The play’s allusions to “Anna Karenina” imbue the fraught relationships onstage with a sense of tragedy, projecting them onto the romances of the novel. The video clips roll as Juan Julian, who Fernandez plays expertly and with an appropriate sense of reserve, reads aloud. The three mediums of “Anna Karenina” blend together until it’s unclear which, if any, is supposed to take center stage. The sum total of the parallel narratives is destablizing, but effective.

The setting of “Tropics” places its characters into another conflict, between the romantic and the modern. Cheché, Tim Creavin ’15, the factory owner’s brother, has brought the future with him after showing up unexpected and uninvited sometime before the play’s beginning. Cheché is from “up North” and seems to symbolize modernization and mechanization — as sales fall, he brings a rolling machine to the factory one day, only to be roundly decried by the workers fearing for their jobs. His machine is a counterpoint to Julian’s “Karenina,” the onrush of hectic modern life against the idyll of aristocratic love. The play comes down in the corner of rose-tinged nostalgia; by paralleling “Anna Karenina” so heavily, the Dramat’s production almost romanticizes itself. But by placing its emphasis on a novel and not a time period, the play largely avoids a heavy-handed celebration of nostalgia.

A few currents of irony run throughout the play’s folded narratives. The first is that the most human characters are those working against the play’s thematic heart. Palomo and Cheché are the only two to oppose keeping the lector, the only two willing to abandon the world of “Anna Karenina” for a world of cars and profits. They are set up as antagonists, but thanks to a pair of the production’s finest performances, from Iason Togias and Tim Creavin respectively, their characters seem three-dimensional and full of grit and sympathy. Togias, for instance, turns Palomo’s argument with Conchita into a moment of empathy for the character, even though he doesn’t seem to deserve one. It’s these characters who, in the end, are most affected by the novel they had tried to silence.

The other irony is that, for a play based on the prose of a celebrated novel, the dialogue can seem stilted and over-wrought at times. Similes protrude at odd angles from otherwise normal conversations, and at one point, Conchita cries, “You don’t make love to me like you used to!” But the cast takes flat lines in stride, and rarely do they distract from the drama taking place behind the words.

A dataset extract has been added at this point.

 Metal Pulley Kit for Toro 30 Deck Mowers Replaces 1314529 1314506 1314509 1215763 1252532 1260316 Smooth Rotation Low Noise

In the end, the plot abandons its parallels to “Anna Karenina” in favor of a tangled but powerful ending. The book itself is at one point thrown to the ground. Tolstoy’s sublime romance seems impossible in the play’s modernizing world. The factory produces an “Anna Karenina” line of cigars that represent everything the play celebrates — sex, leisure and tobacco smoke. But we don’t learn whether the new line will save the floundering factory, leaving us to wonder whether love and hand-rolled cigars can survive amidst machines and modernity.